SCOOP! Seven Questions For Paul Ryan After Mitt Romney Bows Out And Endorses Him For GOP Presidential Candidacy
For immediate release. Reporting from Nauticus maritime museum, Norfolk, Virginia, August 11, 2012.
Just moments ago, Mitt Romney shocked dozens and pleased millions by dropping out of the presidential race when he bowed out in favor of Wisconsin congressman Paul Ryan. This, in all likelihood, will end the discussion about who Governor Romney will choose as his running mate. That task now falls to Paul Ryan.
Appearing at Norfolk Virginia’s maritime museum Nauticus on the Elizabeth River, Romney handed over the reins to Mr. Ryan in front of the storied WWII Iowa-class battleship Wisconsin. Due to mistiming my guided tour of the Wisconsin, your reporter arrived at the tail end of Romney’s earthshaking resignation as his party’s presumptive presidential candidate. I heard enough, however, to report to you his closing words:
Today is a good day for America. And there are better days ahead. Join me in welcoming the next President of the United States . . . Paul Ryan.

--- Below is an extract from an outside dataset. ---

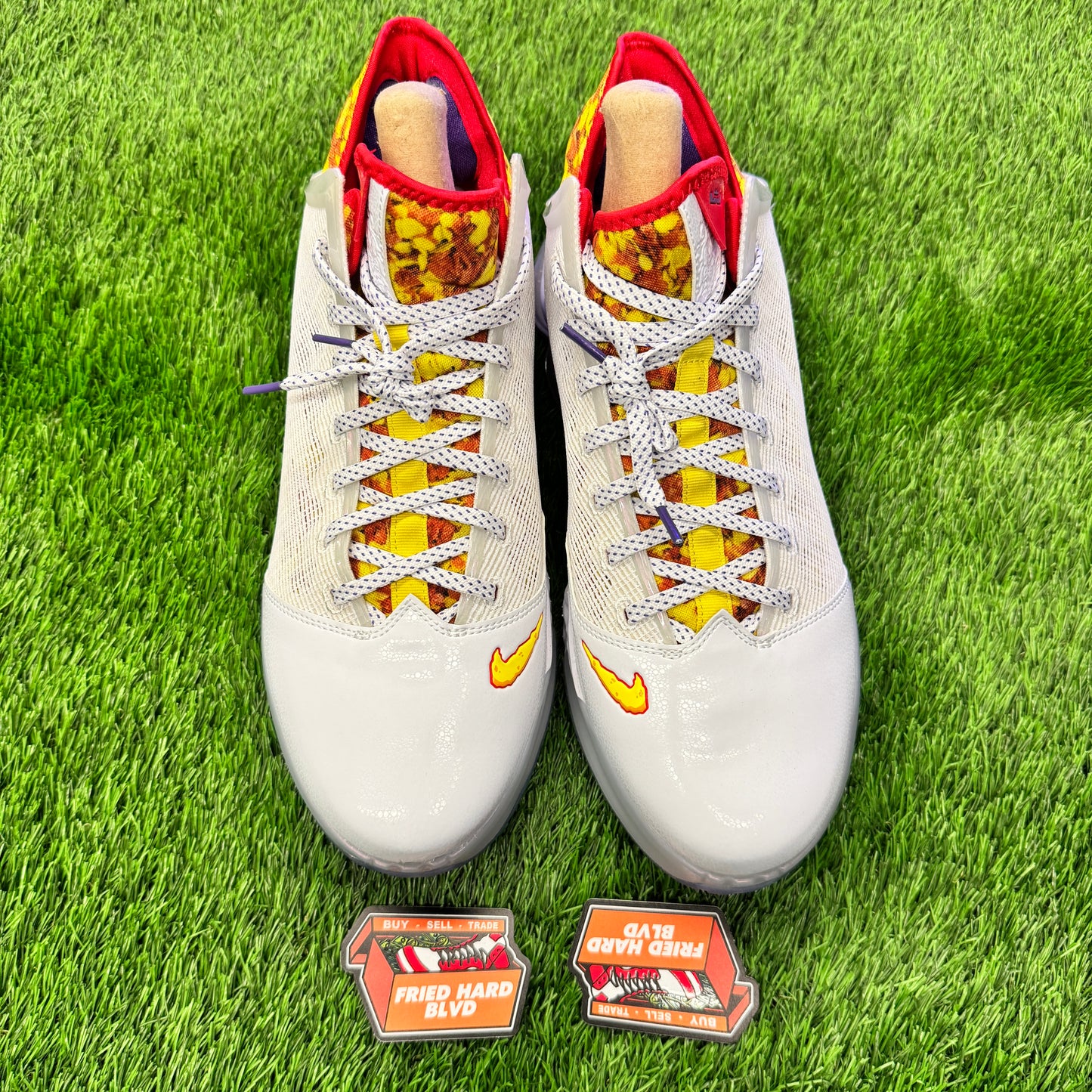 LeBron 19 Low Magic Fruity Pebbles SIZE 14M/15.5W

Upon hearing that I literally dashed away from the reporter’s pool to file this exclusive scoop with They Will Say ANYTHING!. Staying behind to hear Mr. Ryan’s acceptance speech was out of the question. Exclusive scoops move at lightning speed. There will be time for celebration tonight.
Presidential Candidate Ryan
I will, of course, write more about this political earthquake, but I can already see the questions that will be tossed like hand grenades at Paul Ryan. Here’s a few:
1. Will Ryan keep Romney’s campaign staff or seek competent assistance?
2. Are there any dogs, or other family pets, who may make accusations against Mr. Ryan?
3. Can Paul Ryan achieve a likability score higher than Mitt Romney’s which recently disclosed he was substantially less likable among numerous focus groups than a fictional composite of Josef Stalin, Vlad the Impaler, Gordon Gecko, Ayn Rand, and Newt Gingrich. (See more focus group results below)
For a clearer and larger image click HERE (not on the image itself).
It will open in a new window/tab.
Once there, just click it again for an even larger version.
4. Who will Ryan pick for Vice President? Romney is an unlikely choice, since, God forbid, he might in the future replace a President Ryan should he be unable to perform his duties from a mental sanitarium? To this reporter, House Majority Leader Eric Cantor is a long shot as well. Lately, he exudes a strong odor of sulphur and leaves scorch marks wherever he stands still for more than 30 seconds, even on the Capitol’s marble floors. Senate Minority Leader Mitch McConnell, as well, has tested very badly among GOP focus groups:78% identified him as a turtle,
13% as a carnival exhibit,
7% as cartoon legend Foghorn Leghorn, and
2% as Congressman McConnell.5. Will other former GOP primary candidates object to Ryan’s snatching up Romney’s primary delegate treasure chest? Will Ryan, a dyed in wool Tea Party type, consider primary psychopathic candidates considered too unhinged to govern? People like Michele Bachmann, now institutionalized in a Minnesota sanitarium, or Newt Gingrich, presently encamped outside the entrance to the Pasadena Jet Propulsion Lab in Pasadena California clutching a head-sized Mars balloon? Rick Santorum? Or is his support for genocide as an immigration policy to extreme for Mr. Ryan or too soft? We’ll see.
6. What will Paul Ryan change about Mitt Romney’s previous policy positions? For example, will Ryan emulate Romney and adopt one, two, three, and more policy positions on each issue?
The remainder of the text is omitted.